En otras palabras, cuando hay elecciones, en este caso presidenciales, el ganador está ahí para cuatro años y si vuelve a ganar cuatro más. Y con todo, les parecía a los padres fundadores que quizá habría un resquicio para la arbitrariedad.

¿Qué pasa si un presidente se pasa de la raya? Precisamente para ello diseñaron el impeachment para poder echarle y, si es el caso, a la tercera pata del sistema, el poder judicial. Pero no se trata de nada parecido a nuestra moción de censura, que es meramente política, sino de perseguir literalmente a un presidente delincuente en un terreno muy concreto y que haya deliberadamente faltado a sus obligaciones constitucionales.

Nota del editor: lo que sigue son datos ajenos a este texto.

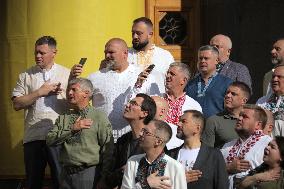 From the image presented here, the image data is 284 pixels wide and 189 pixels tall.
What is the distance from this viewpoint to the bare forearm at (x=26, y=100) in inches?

Y ahí tenemos los dos precedentes del siglo XX y lo que llevamos del XXI. En 1974, en plena debacle en Vietnam, el republicano Richard Nixon dimitió cuando se hizo patente que debía afrontar un impeachment. Antes de que lo echaran, Nixon se fue para evitar la vergüenza constitucional de verse destituido por el Congreso.

Dos tercios

En su segunda legislatura, en la década de los 90, Bill Clinton estuvo a un paso de afrontar el impeachment, no por lo que hizo o no hizo a una becaria, sino por mentir al respecto ante un Comité del Congreso.

La cosa hubiera sido tan grave desde el punto de vista constitucional que al final, al parecer, la iniciativa quedó detenida en su paso por el Senado, donde se necesitan dos tercios de los votos para prosperar. Y en el balance de la presidencia de Clinton, que duró ocho años, el incidente de la becaria Monica Lewinski, ha quedado como una cosa muy marginal.

Cabe decir que si el problema es tener un presidente mentiroso, es decir que falta a la verdad deliberadamente en temas relevantes para su función, a Donald Trump se le deberían abrir más impeachments que días tiene el año. Pero el fondo de la cuestión en la actualidad es otro.

Se trata de que tampoco falten a sus obligaciones constitucionales sus señorías, congresistas y senadores, y en este caso que decidan en conciencia si Trump es digno de seguir siendo presidente.

Hay elecciones el año que viene y todos tienen miedo de todo. Y ni el presidente ni la mayoría de sus señorías se parecen ni por asomo a los «padres fundadores» de Estados Unidos.